The room layout was probably a living room or parlor and a dining room at the front, and two bedrooms at the rear. I think the house had several significant modifications by the time I came along. A separate apartment was added on the back left side room by enclosing part of the porch. What my father called the sleeping porch was a room that was enclosed on the porch off the back right bedroom. I think it was used as a bedroom during hot weather.
There was a small sitting room on the back rear that was under the porch roof, and a kitchen that I think was at least mostly under the porch roof at the back corner of the house. My grandparents basically lived in the kitchen, sitting room and the back right bedroom. The other rooms were seldom if ever used.
There was a bathroom on the extreme left corner of the house, also under the porch roof, that could be reached only by going out of the sitting room and walking across the porch. It was necessary to go outside to reach this bathroom, although my grandparents put some kind of plastic sheeting on the porch to kind of enclose it.
The structure on the left of the house is an old greenhouse, which I vaguely remember.
This kind of architectural history is interesting to me and probably a few people in the world, but probably not to many others.
My father and at least one of his male relatives weatherproofed an old chicken coop in the back yard and moved their beds out there. One was Uncle Charlie, my father’s maternal uncle, who looked so much like my father that some people occasionally confused the two. The biggest clue to which was which was the fact that Uncle Charlie lost his right arm in an accident.
I also scanned a photo that my father took in Europe when he was there during WW II.
This is actually a contact print. There is some writing on the back that identifies it as a German gun emplacement on Utah Beach in September 1944. Not as busy as it was three months earlier. I wondered where or when my father got this photo processed. I discovered something on the back when I scanned it.
There is a very faint stamp on the back. I can read part of it: “NOT FOR PUBLICATION”, and 5 MAR. I can’t read the year, but it’s probably 1945. I assume from this that it was printed at some Army darkroom in Europe.

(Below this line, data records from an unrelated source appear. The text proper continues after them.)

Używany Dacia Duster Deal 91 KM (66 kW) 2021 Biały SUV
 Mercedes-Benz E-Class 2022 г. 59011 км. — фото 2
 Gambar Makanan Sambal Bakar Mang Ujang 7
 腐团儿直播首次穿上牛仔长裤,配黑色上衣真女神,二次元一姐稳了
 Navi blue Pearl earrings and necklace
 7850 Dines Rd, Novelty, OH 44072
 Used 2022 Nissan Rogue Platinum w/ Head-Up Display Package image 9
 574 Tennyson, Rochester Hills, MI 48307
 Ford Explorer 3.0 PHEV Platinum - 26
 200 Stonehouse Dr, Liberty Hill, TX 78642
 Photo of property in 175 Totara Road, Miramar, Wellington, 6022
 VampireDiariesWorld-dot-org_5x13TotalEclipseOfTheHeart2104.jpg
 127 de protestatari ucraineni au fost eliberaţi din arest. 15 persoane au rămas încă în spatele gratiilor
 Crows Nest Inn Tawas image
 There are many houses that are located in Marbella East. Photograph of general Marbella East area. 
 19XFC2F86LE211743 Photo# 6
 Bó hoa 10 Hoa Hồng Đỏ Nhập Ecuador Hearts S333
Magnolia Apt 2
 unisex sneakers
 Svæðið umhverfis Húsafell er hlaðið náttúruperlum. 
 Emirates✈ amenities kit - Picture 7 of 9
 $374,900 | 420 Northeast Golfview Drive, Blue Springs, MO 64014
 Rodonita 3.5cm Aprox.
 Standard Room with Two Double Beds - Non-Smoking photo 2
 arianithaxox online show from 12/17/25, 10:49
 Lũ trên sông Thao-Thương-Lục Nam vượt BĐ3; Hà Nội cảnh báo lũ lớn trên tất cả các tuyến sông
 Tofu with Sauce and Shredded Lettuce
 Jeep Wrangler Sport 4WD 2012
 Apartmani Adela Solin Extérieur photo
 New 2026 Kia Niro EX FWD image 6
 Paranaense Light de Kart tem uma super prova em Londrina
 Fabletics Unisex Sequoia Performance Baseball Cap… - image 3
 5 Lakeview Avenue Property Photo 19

After looking at this photo and the photos of my father in uniform, I looked at the Wikipedia entry on the 104th Infantry Division. It’s basically a shortened history of the division, a little easier to follow than the much more highly detailed account in Timberwolf Tracks, the history of the division. I saw place names that my father mentioned in the stories he told us: Camp Adair, Aachen, the Ruhr and the Rhine. For some reason, seeing those names had a stronger emotional impact on me than just looking at the old photos. I can still hear him saying those names.